Somewhat less pretentiously, I wonder about contrasting life and work, because
it's not unusual to have a pretty active social life at work. The absence of
any social stimulation there would at least make me unhappy.

------
ChuckMcM
Would it not be simpler to say 'some things you do adds energy to you' and
'some things you do drains energy from you' avoid deficit energy days if
possible.

I can spend a couple of hours programming and be hugely energized by it, and I
can spend a couple of hours watching TV and be drained by it. The reverse is
also true.

Be aware of your energy flow and balance it.

------
benthumb
I'm glad someone has addressed this work-life balance canard. I would go
further: getting hard things accomplished tends to take over one's life, and I
don't think there's any way around it. Unless, of course, you live in
Norway...

I also think humans on an individual basis are inherently unbalanced; that's
why we're social creatures.

------
aphidbyteinc
Balance is very important for entrepreneurs. However, I do believe in going
the extra mile to make your company succeed. Which means not partying on a
weekend when you could be doing something for your business. Me personally, I
party as a reward for my hard work.

------
bstewartnyc
# there is no 'balance', only this algorithm running my life while(True):
task=getNextTask() if priority(task)>priority(current_task):
backBurner.add(current_task) current_task=task startWorkOn(current_task) else:
backBurner.add(task)

------
paulsutter
I like to work hard for a few years, then take a year off.

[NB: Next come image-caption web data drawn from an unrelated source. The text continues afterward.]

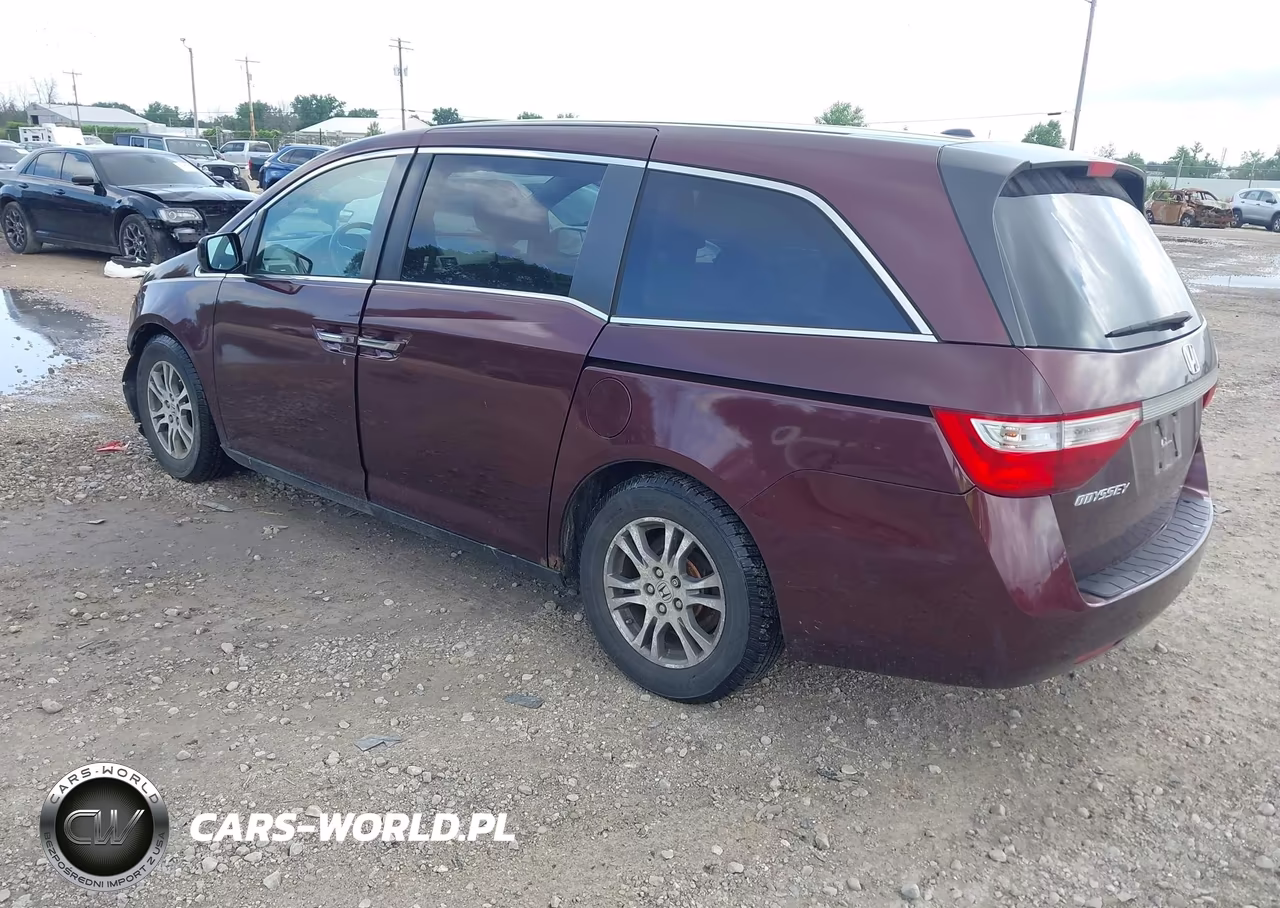 2013 Honda Odyssey Ex-L VIN:5FNRL5H65DB082884 - 3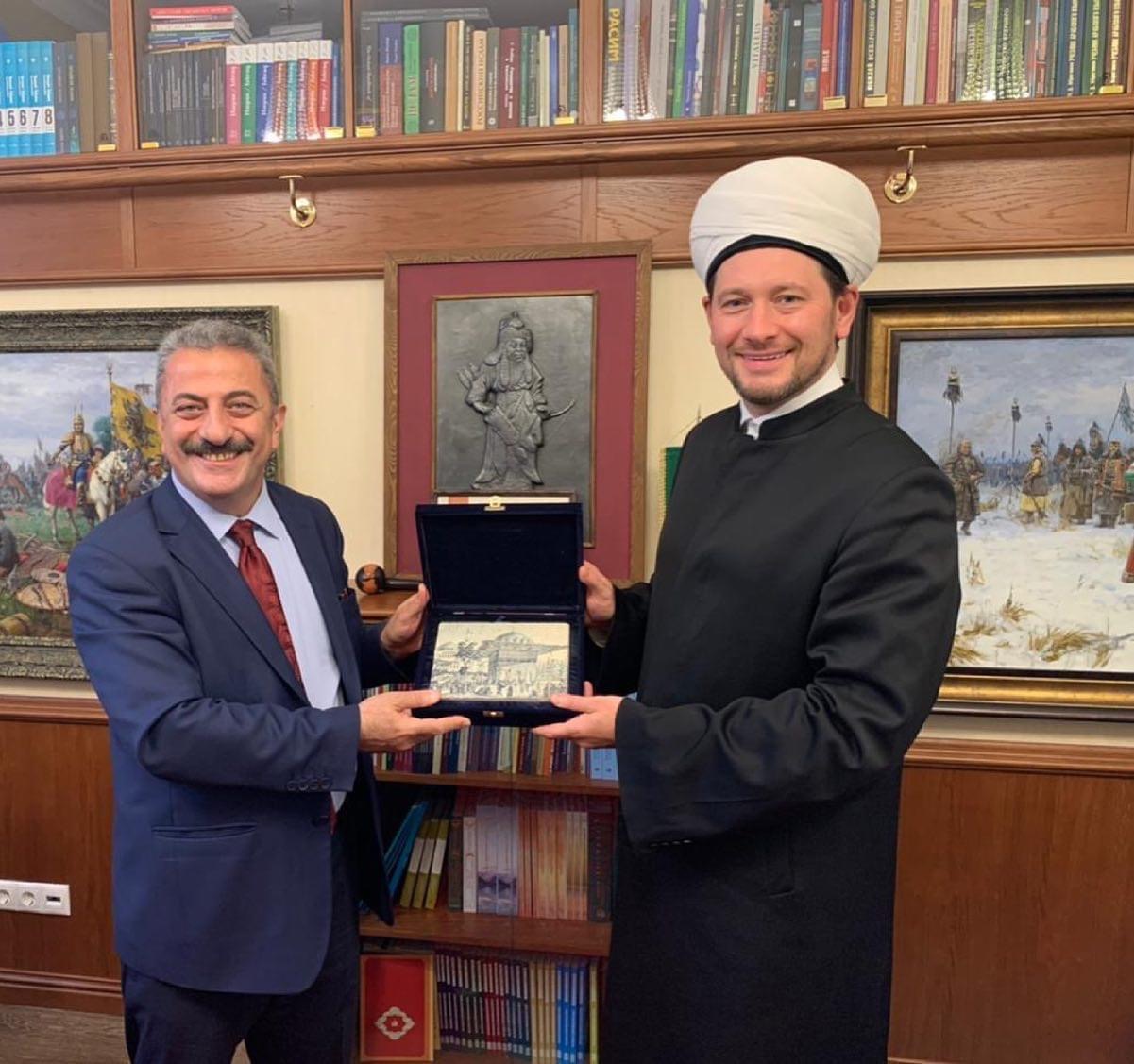Damir Mukhetdinov: Сегодня встретился в резиденции Духовного управления мусульман РФ с делегацией Турецкой Республики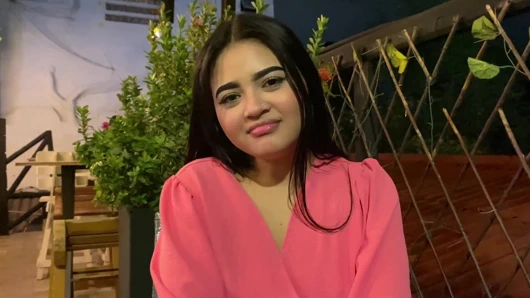 Bir restoranda bir kadınla tanıştım, kocası randevuya gelmedi ve sikişmeye gittik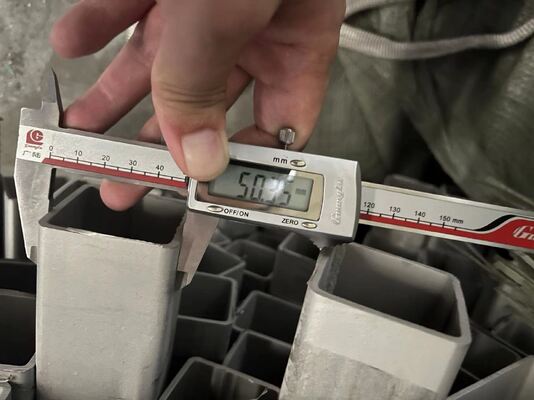 2b Surface Finish 1 Percent Tolerance Corrosion Resistance Food Grade Stainless Steel Seamless Pipe 304 304L 316 316L 310S 321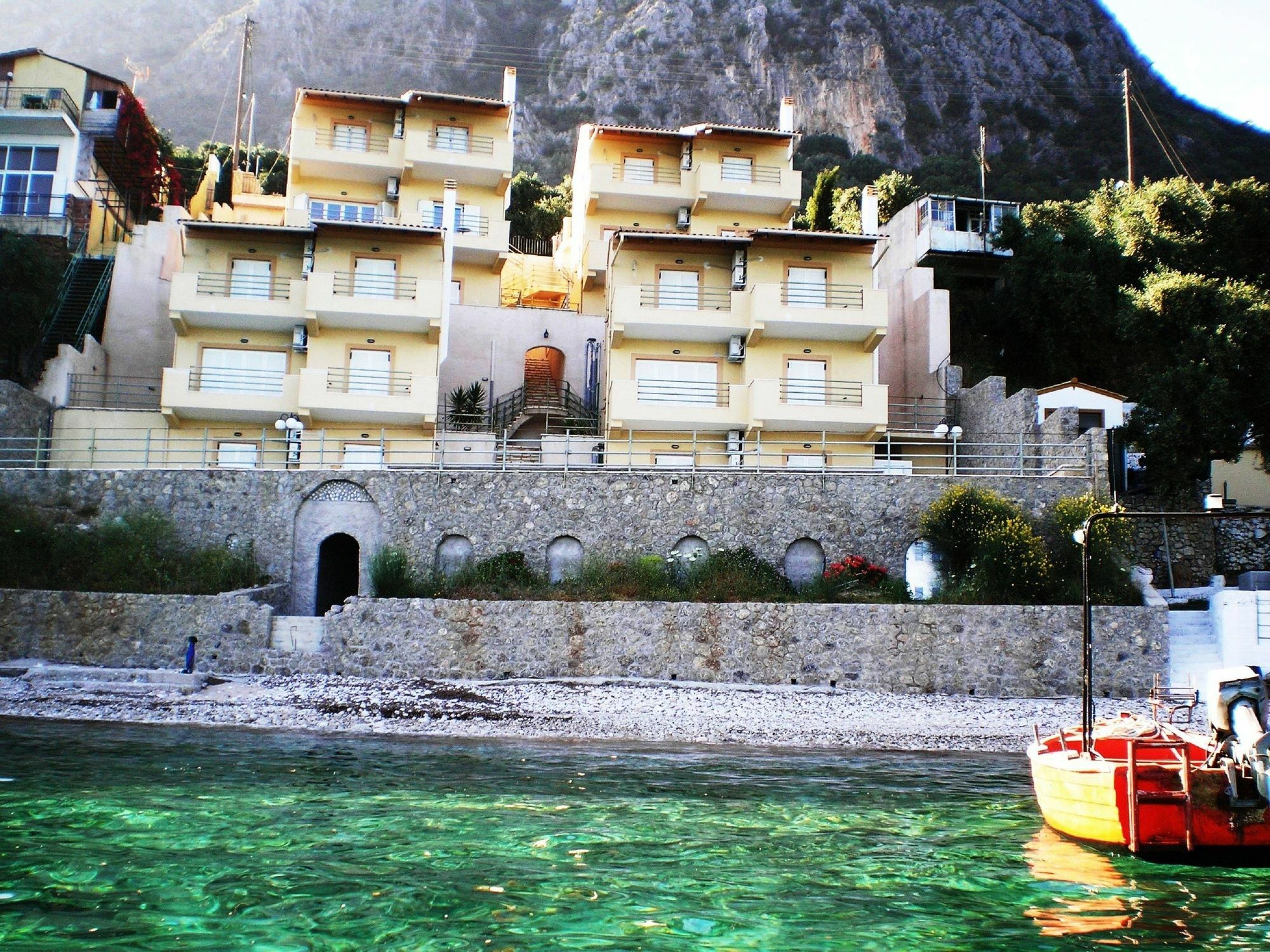 Glyfa Beach Villas Barbati Exterior photo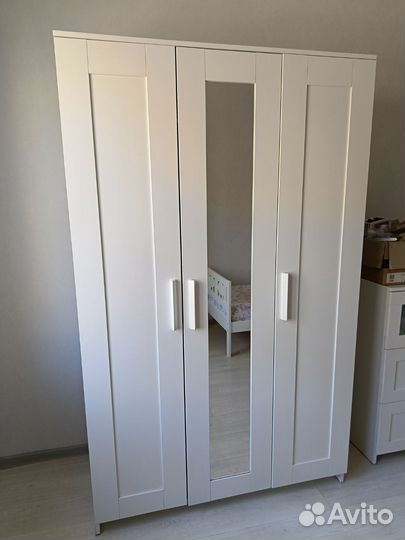 Шкаф IKEA бримнес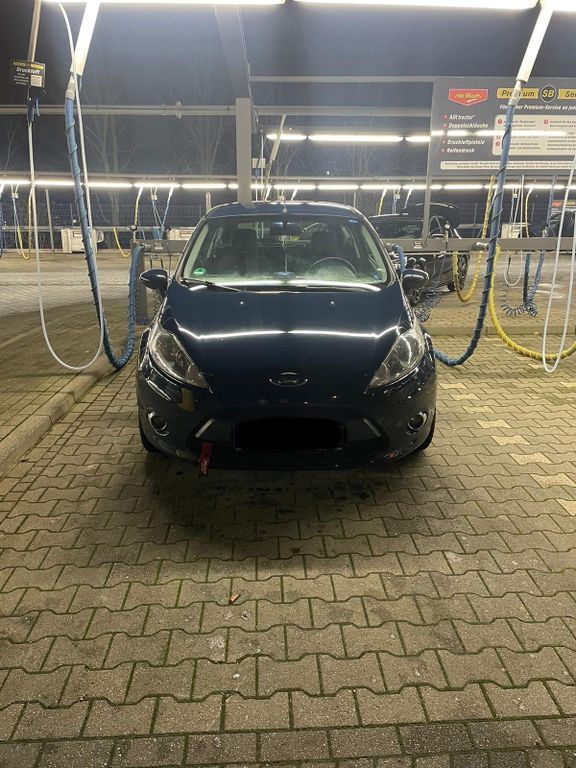 Ford Fiesta 191.000 km 2.850 € Herne 44649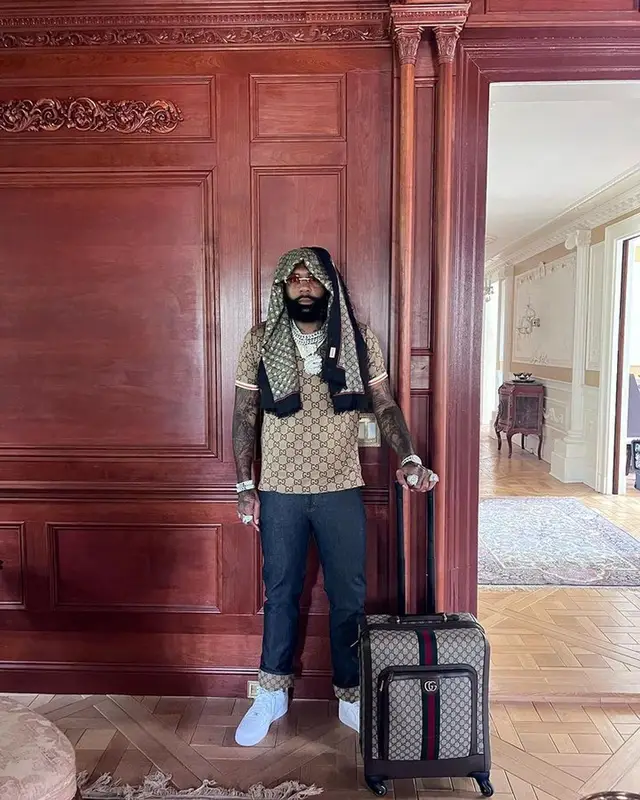 Money Man outfit in Gucci and Nike, 2023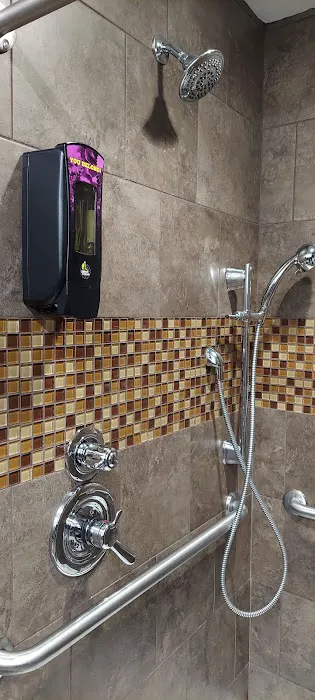 Planet Fitness Picture 8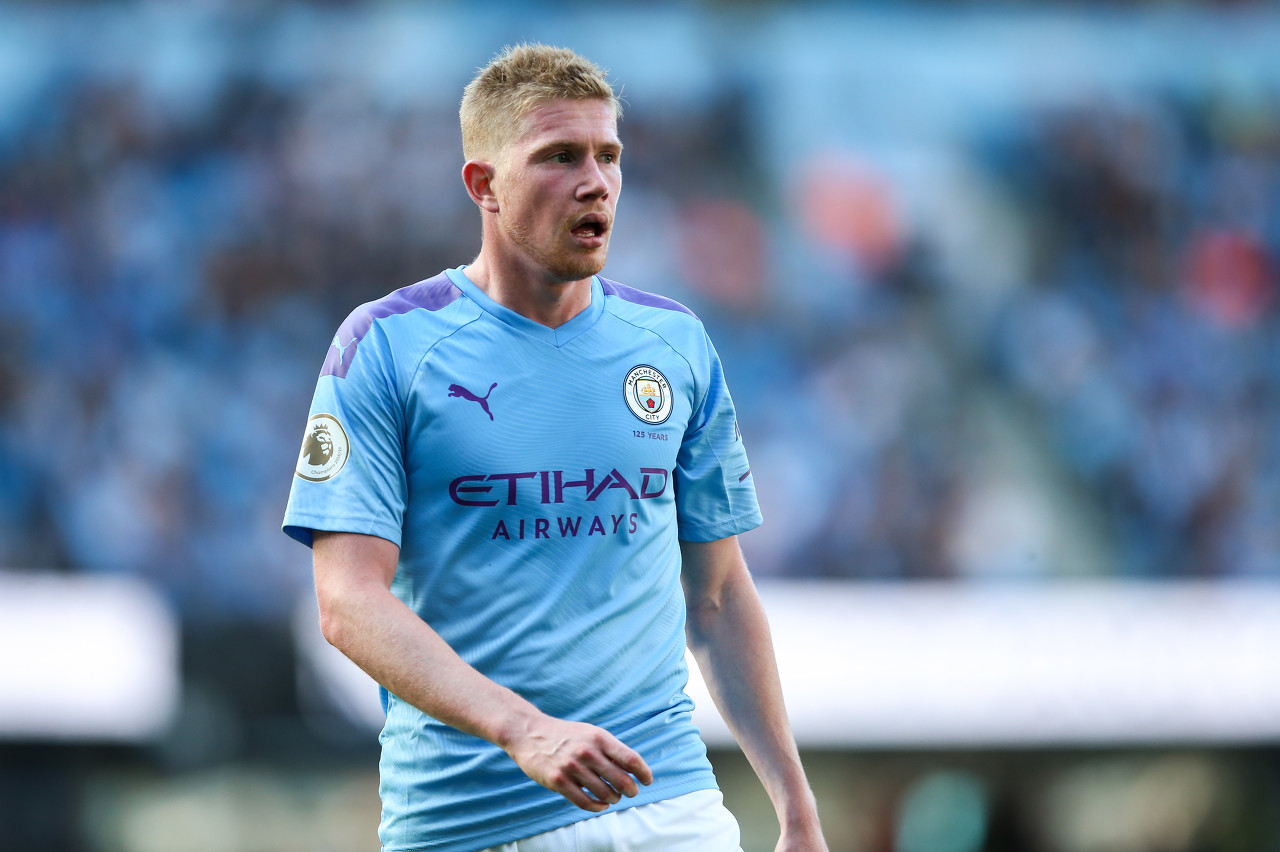 马卡：特尔施特根参加巴萨今日合练，有望复出入选欧冠大名单（马卡报：特尔施特根今日随巴萨合练，或复出进入欧冠名单）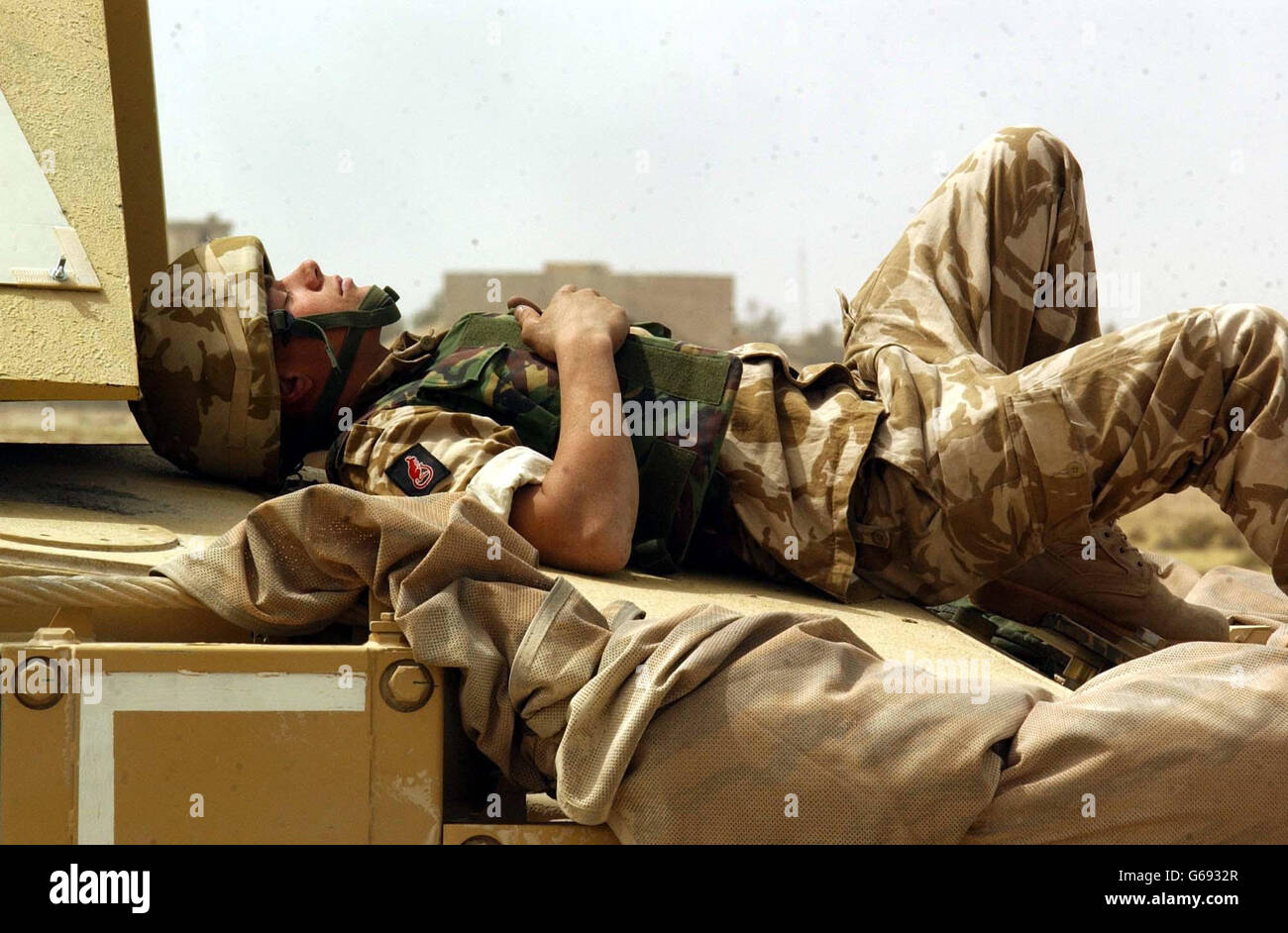 Scots Dragoon Guard - guerra in Iraq. Una Guardia Dragone reale scozzese fa una pausa dopo una lunga notte di combattimenti nell'Iraq meridionale. Foto Stock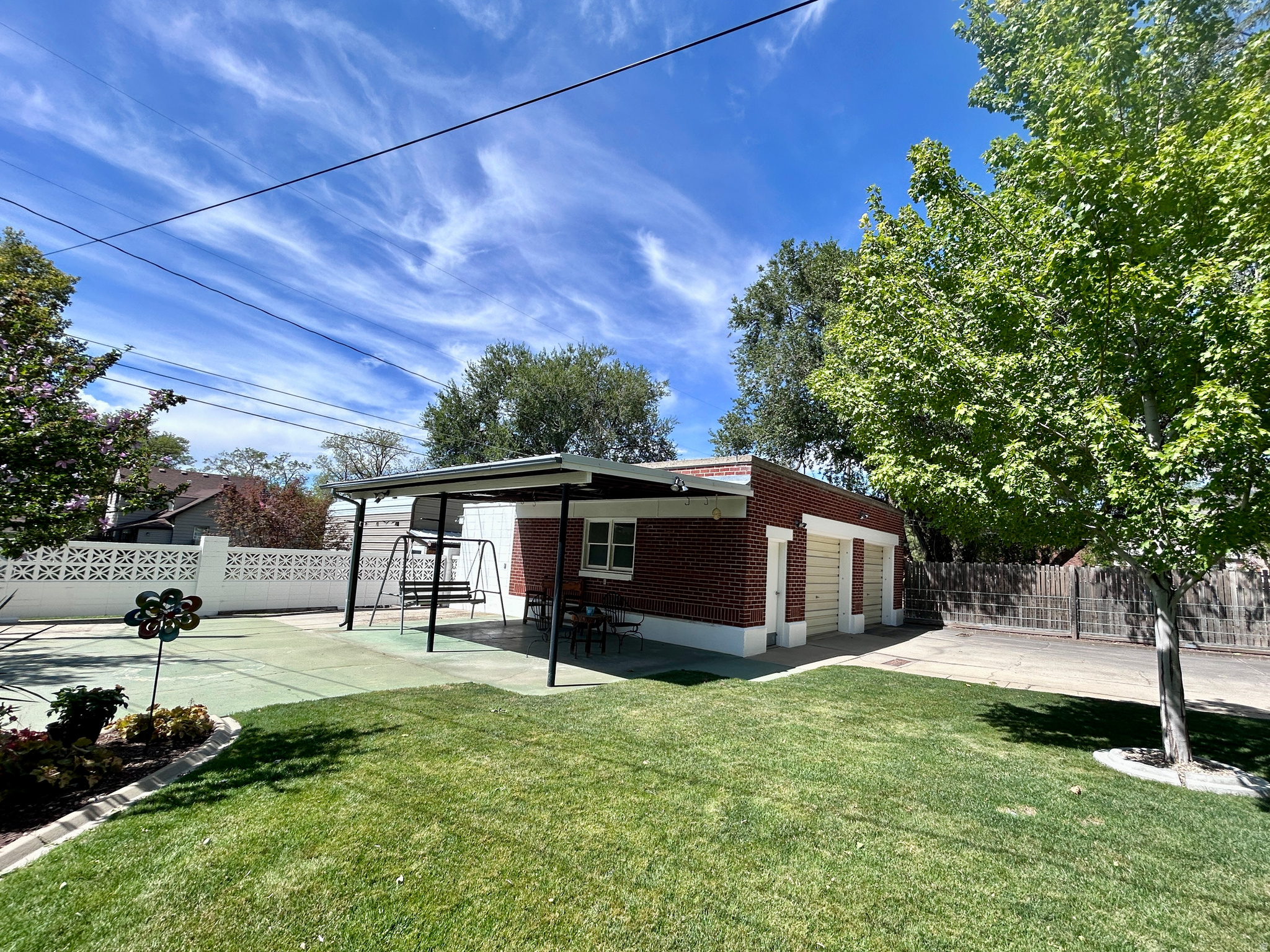 main property photo 19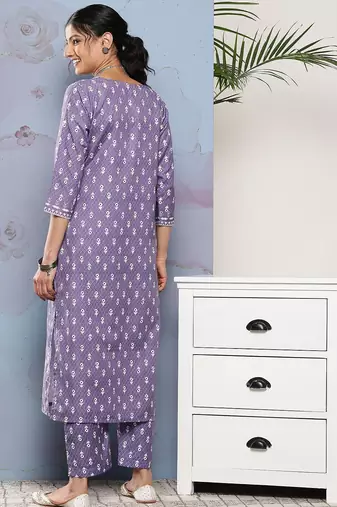 Women Lavender Ethnic Motifs Printed Kurta with Trousers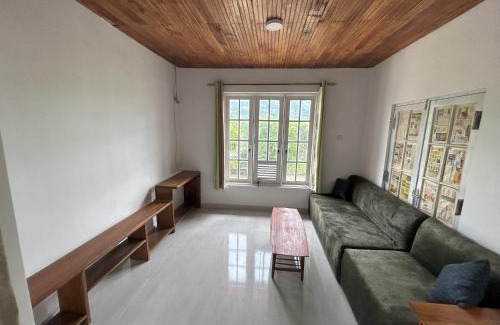 Handessa Casa | HnM Kandy - Peradeniya Small Apartment with a luxury bed, kitchen, living area, attached washroom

I'm doing that
right now. I find it a lot more effective than trying to jam too many
different activities into an ordinary week.

------
photorized
My personal observation is that when I got married, I became more productive,
more selective, and also more effective at solving things quickly. Something
about valuing your time.

------
Tichy
I don't think you can even see what you are missing if you never go on
vacation or try other things.

------
anthonyb
"Let me dive into something concrete."

That's a seriously mixed metaphor...

------
jbkring
Refreshing perspective. I agree wholeheartedly.